Scott Morrison was elected Australia's 30th prime minister on Friday.

Updated at 2:51 a.m. ET

Speaking to the country for the first time since being elected by party members as Australia's 30th prime minister Friday, Scott Morrison said his priority in the coming days will be to address a drought that has struck the state of New South Wales.

Morrison said he would review drought response plans with officials.
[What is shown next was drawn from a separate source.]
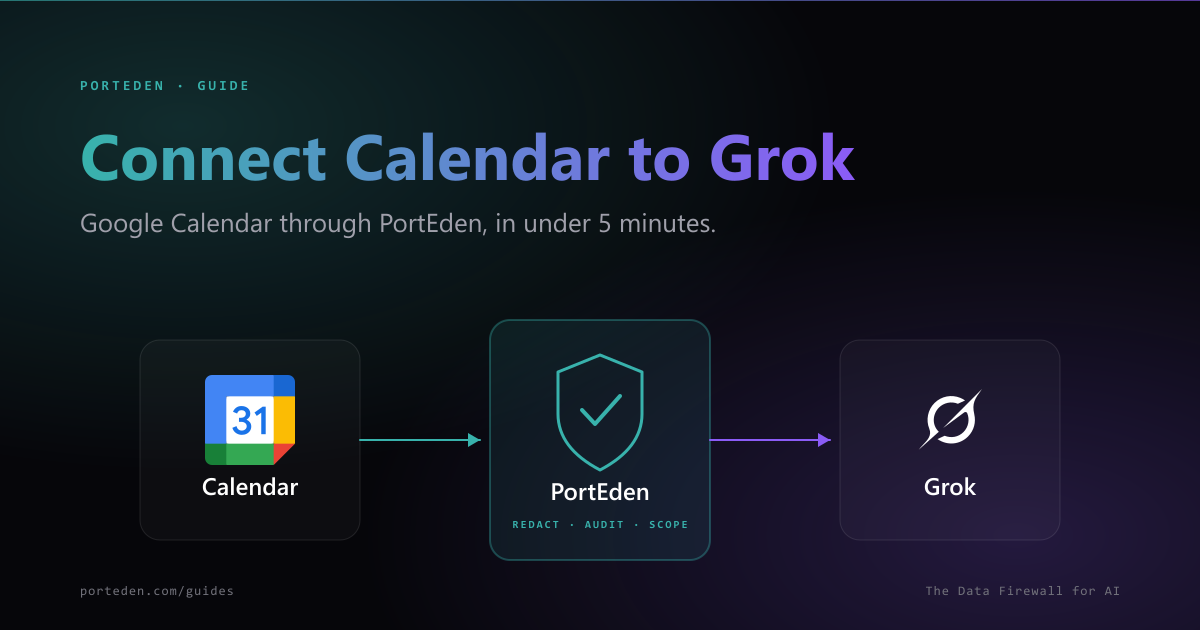 Google Calendar to PortEden to Grok data flow with redaction badge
New South Wales is Australia's most populous state and the drought is the most severe in recent memory.

He also said he would work to bring Australia's main conservative party, the Liberals, back together after it had been "bruised and battered this week."

Morrison's tenure marks the the sixth prime minister change in Australia in about 11 years, continuing a trend of instability that has marked the country's politics in recent years.

Australia's ruling conservative Liberal Party chose Morrison, the treasurer, to replace Malcolm Turnbull as the country's next prime minister.

Morrison said Turnbull has "been a dear friend" and said he had "been proud to serve with him."

Turnbull was forced out after an internal power struggle within the Liberal Party.

Morrison was the "candidate best able to gather votes from across the ideological divide," according to The Guardian, which notes that Morrison "was also expected to win support from moderates who once would have viewed him with suspicion."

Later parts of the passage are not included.